(Entries provided)

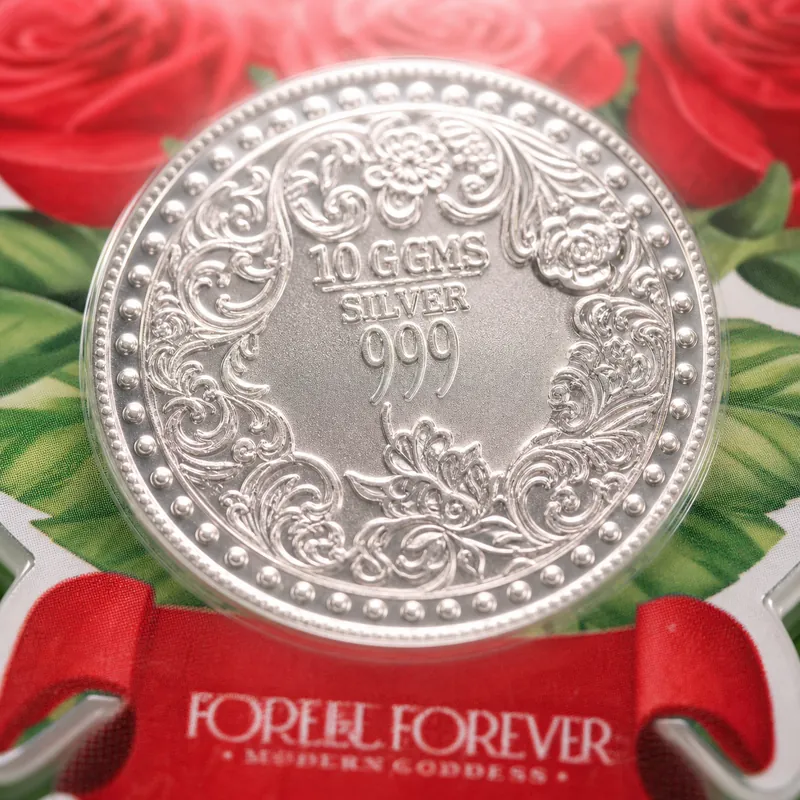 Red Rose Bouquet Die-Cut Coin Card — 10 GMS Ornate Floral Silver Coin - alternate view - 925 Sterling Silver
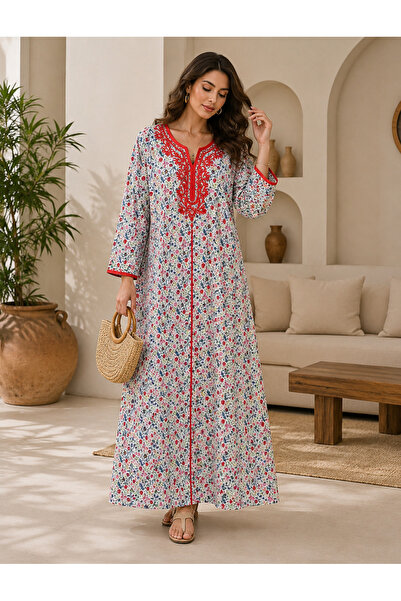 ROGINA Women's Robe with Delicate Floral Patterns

(End Entries provided)
(Entries provided)

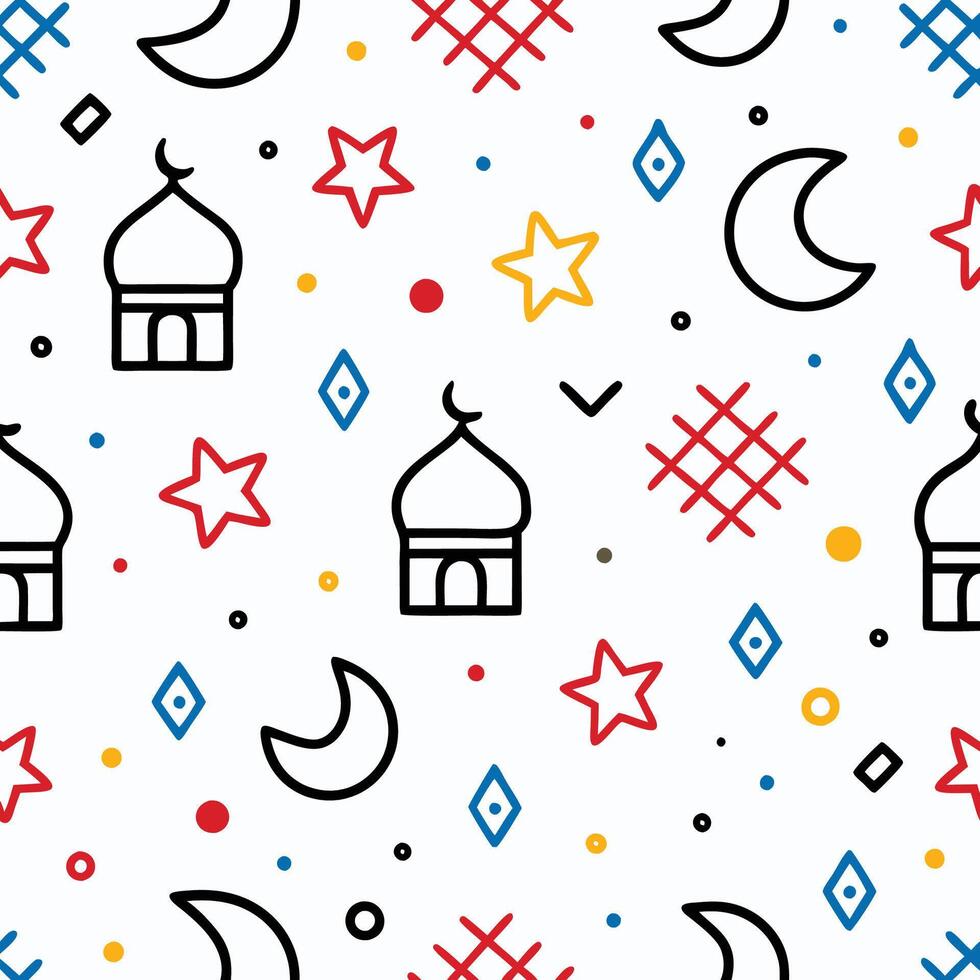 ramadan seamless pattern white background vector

(End Entries provided)
(Entries provided)

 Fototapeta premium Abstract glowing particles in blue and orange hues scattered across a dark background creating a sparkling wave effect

(End Entries provided)

__What is being asked__
Lines from the one above containing "Red Rose Bouquet" down to the one containing "ROGINA Women's Robe" should be transcribed exactly, with both ends kept and no pictures.

__Solution for this exercise__
 Red Rose Bouquet Die-Cut Coin Card — 10 GMS Ornate Floral Silver Coin - alternate view - 925 Sterling Silver
 ROGINA Women's Robe with Delicate Floral Patterns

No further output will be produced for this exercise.